Search code examples
gremlinamazon-neptune

How can I get the same results from Amazon Neptune that I do from Cosmos DB?


Using Gremlin.Net 3.3.2 I am getting very different results from Neptune and Cosmos DB. Graph data is the same on both platforms. Cosmos DB gives me everything I need (vertex id, label and properties).

When query is made to Neptune using Gremlin.Net I only get the vertex Id and label. Is this a bug with Neptune and Gremlin.net? Bug with Neptune?

If execute the query in the gremlin console Neptune returns all the data so problem appears to be confined to Gremlin.Net.

query = g.V().has('name',within('wind'))

Amazon Neptune results
{
  "Id": "14b15642-842f-888a-a28e-3ed117a07d5b",
  "Label": "keyword"
}

Cosmos DB results
{
  "id": "wind",
  "label": "keyword",
  "type": "vertex",
  "properties": {
    "popularity": [
      {
        "id": "8f9967f1-cead-41d6-a432-de025d9dc14b",
        "value": "16"
      }
    ],
    "name": [
      {
        "id": "fb90af3f-828b-4cc0-b9f8-b571a30c6b14",
        "value": "wind"
      }
    ]
  }
}

Solution

  • Neptune is a bit more in line with the expected output that TinkerPop itself would provide, whereas CosmosDB returns an older approach. TinkerPop recommends the return of "references" to graph elements (i.e. id and label and not properties) and that appears to be what Neptune provides. I don't know if Neptune can be configured to behave differently.

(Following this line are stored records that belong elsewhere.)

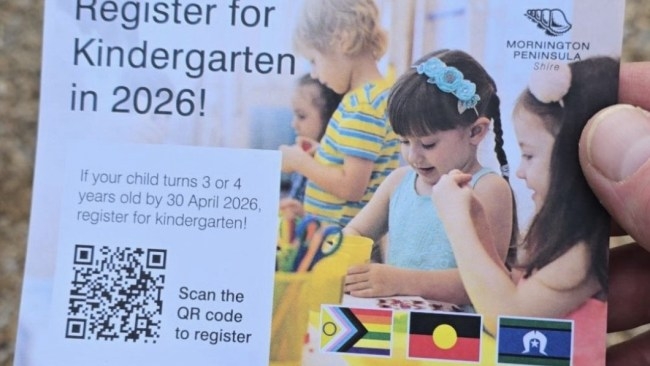 Mornington Peninsula Shire Council in damage control after replacing Australian flag with LGBTQ Pride flag on school flyer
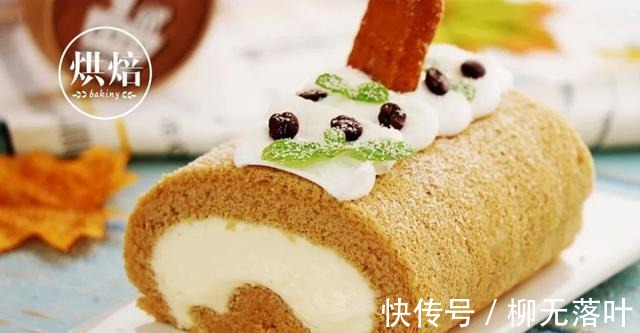 卖断货的生椰拿铁出蛋糕卷了 清新又浓郁 下一个爆款就是它!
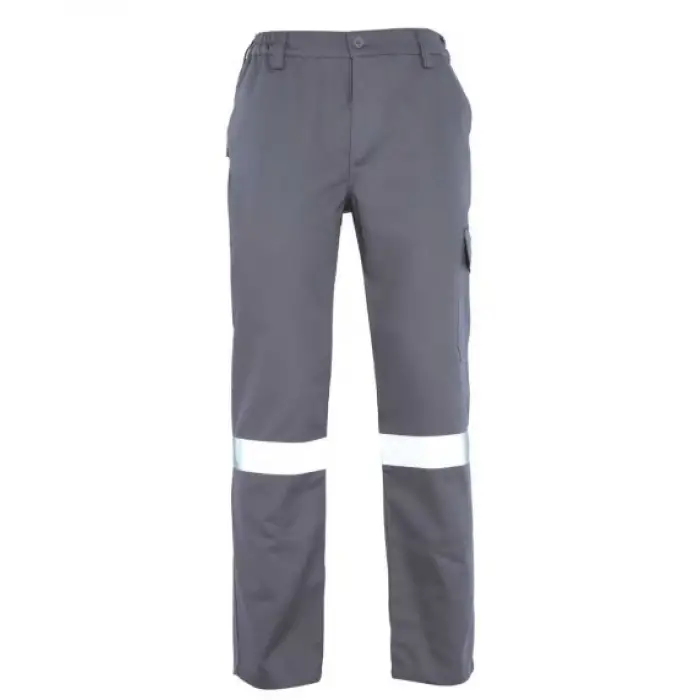 İş Takımı 7/7 Gabardin Gri %100 Pamuk Kapitoneli Reflektörlü Kışlık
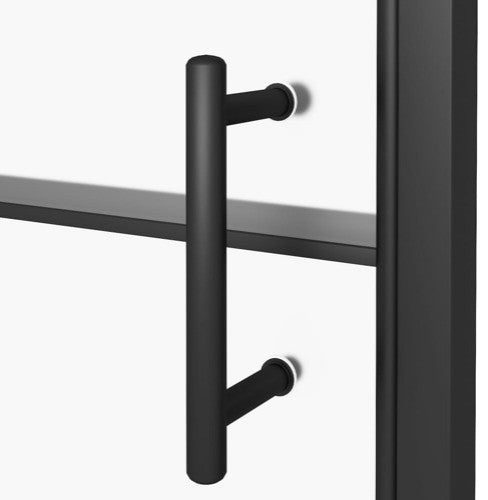 vidaXL Pivot Shower Door Bathroom Glass Door Screen Half Frosted Tempered Glass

    While it may not seem convenient, the reason TinkerPop recommends this approach is that users should only return the data that they request. For instance, you typically wouldn't do SELECT * FROM table for a SQL query - you would include the fields that you wanted returned in the SELECT clause. For the same reasons you do that in SQL, you would do that in Gremlin.

    Also, returning all properties on an element could be massively expensive. It's hard for TinkerPop to recommend returning anything other than a reference because of multi-properties. If a Vertex can hold millions of properties, the last thing we'd want to see happen is for the element to default serialize with all of those properties.

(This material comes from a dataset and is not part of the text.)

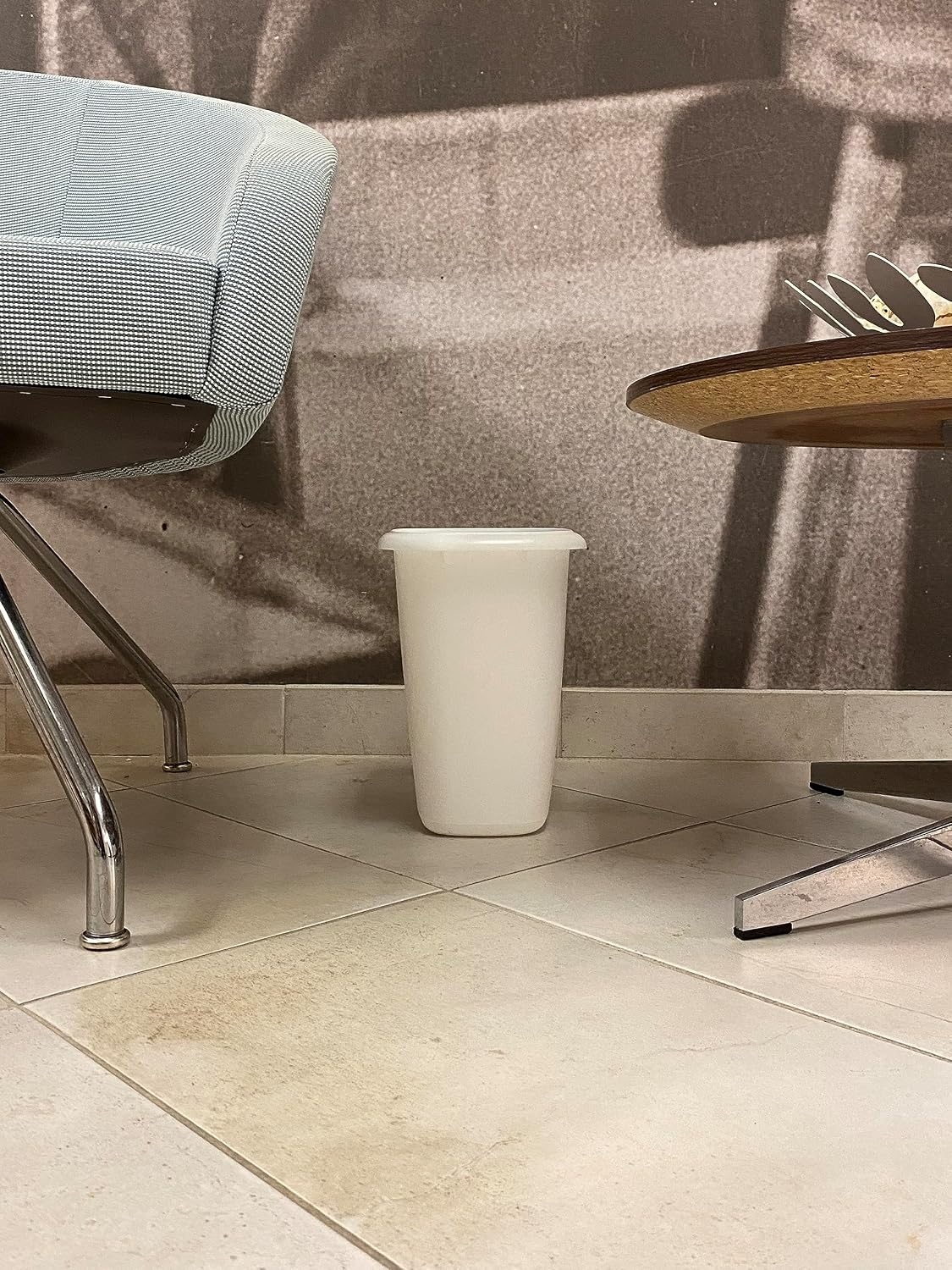 image:imageRubbermaid Vanity Trash CanWastebasket 15Gallons6Quarts White for Under CounterKitchenOfficeBedroomBathroom1 Pack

    Unfortunately, much of this thinking was not clear in the TinkerPop community when we started down the path of defining IO formats. OLAP was still a bit of an experiment, GLVs were not a thought, etc. and so the idea of "reference elements as a default" didn't come until in later releases. Hopefully we can make the IO more consistent for TinkerPop 4.x some day.

    The way to get the same results would be to follow TinkerPop's recommendations and avoid returning graph elements. The best approach would probably be to use project() or valueMap() in some form:

    g.V().valueMap('popularity','name')
    g.V().
      project('popularity','name').
        by('popularity').
        by('name')
    

    Note while project() is a bit more verbose in the example it does provide a more compact output because it doesn't embed the value of each key in a List the way valueMap() does. The above will coerce results to Map so that they will be consistent across all platforms.